Une fois l’argent viré sur son compte, il récupère les sommes en liquide et… disparaît dans la nature. « Cela arrive, par exemple, quand nos clients remplissent un formulaire de dépôt de chèque en agence directement sur la pile », explique un banquier. Il suffit au voleur d’empocher le formulaire vierge suivant le vôtre pour y lire, par transparence, vos coordonnées bancaires et voir apparaître… votre signature. Si vous êtes victime de ce type de vol, votre banque doit vous rembourser dans les mêmes conditions que pour un chèque falsifié. Pour éviter ce genre de piratage, remplissez vos formulaires chez vous et récupérez en agence tous les doubles où sont indiquées vos données personnelles.
Piratage de carte bancaire
Si vous vous êtes fait dérober les données de votre carte bancaire, le voleur peut réaliser des achats à distance avec vos numéros. Une fois que vous vous en apercevez, contestez rapidement les débits qui ne sont pas de votre fait auprès de votre banque pour vous les faire rembourser. Si votre code secret ou votre signature n’a pas été utilisé(e), elle ne peut pas s’y opposer.
Les nouvelles cartes bancaires intègrent une option « paiement sans contact », qui permet de régler jusqu’à 20 € chez un commerçant en approchant sa carte du terminal sans composer de code. Cette option est contestée par des techniciens car, comme la carte émet des ondes, ses données peuvent être piratées à distance.
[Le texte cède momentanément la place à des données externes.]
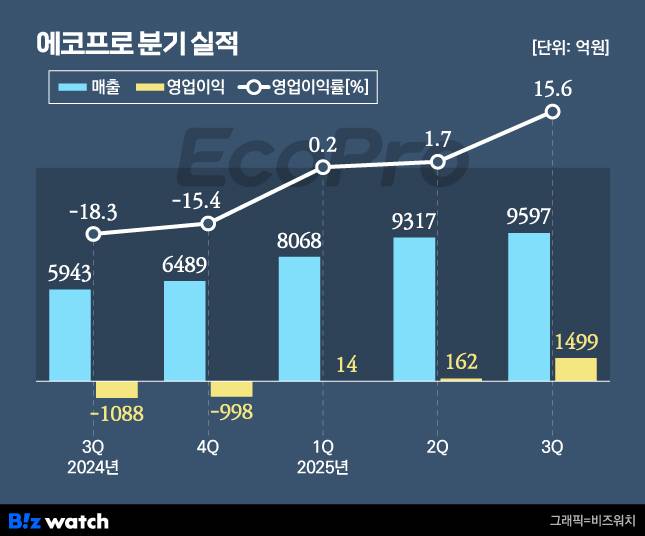 에코프로 분기 실적./그래픽=비즈워치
Si vous constatez des débits frauduleux sur votre compte à cause de cette option sans contact, votre banque doit également et intégralement vous rembourser. Le GIE carte bancaire précise même que « les transactions effectuées avec la fonction sans contact ne supportent pas de franchise. Les sommes indûment débitées sont donc intégralement remboursées ».
Derniers conseils
Si vous avez la moindre présomption de fraude ou de piratage, changez immédiatement les codes d’accès à votre compte bancaire, de préférence en utilisant un autre ordinateur ou une autre application que les vôtres et toujours par le biais d’un réseau sécurisé. Appelez également votre conseiller ou envoyez-lui un mail, en lui signalant que vous soupçonnez une tentative de fraude à la carte bancaire. Il a les moyens de bloquer informatiquement d’éventuelles demandes de virement, prélèvements ou dépenses réalisées avec vos coordonnées de carte bancaire. Soyez particulièrement vigilant à l’étranger, car les pirates savent que les délais de réaction sont plus longs et ils n’hésitent pas à cibler les touristes en priorité. Enfin, si votre banque tarde à vous rembourser ou ne vous répond pas, constituez un dossier qui récapitule toutes vos démarches, en indiquant les dates (constatation de la fraude, appel au conseiller, envoi de la lettre de demande de remboursement…). Il vous sera très utile si vous devez aller devant un tribunal.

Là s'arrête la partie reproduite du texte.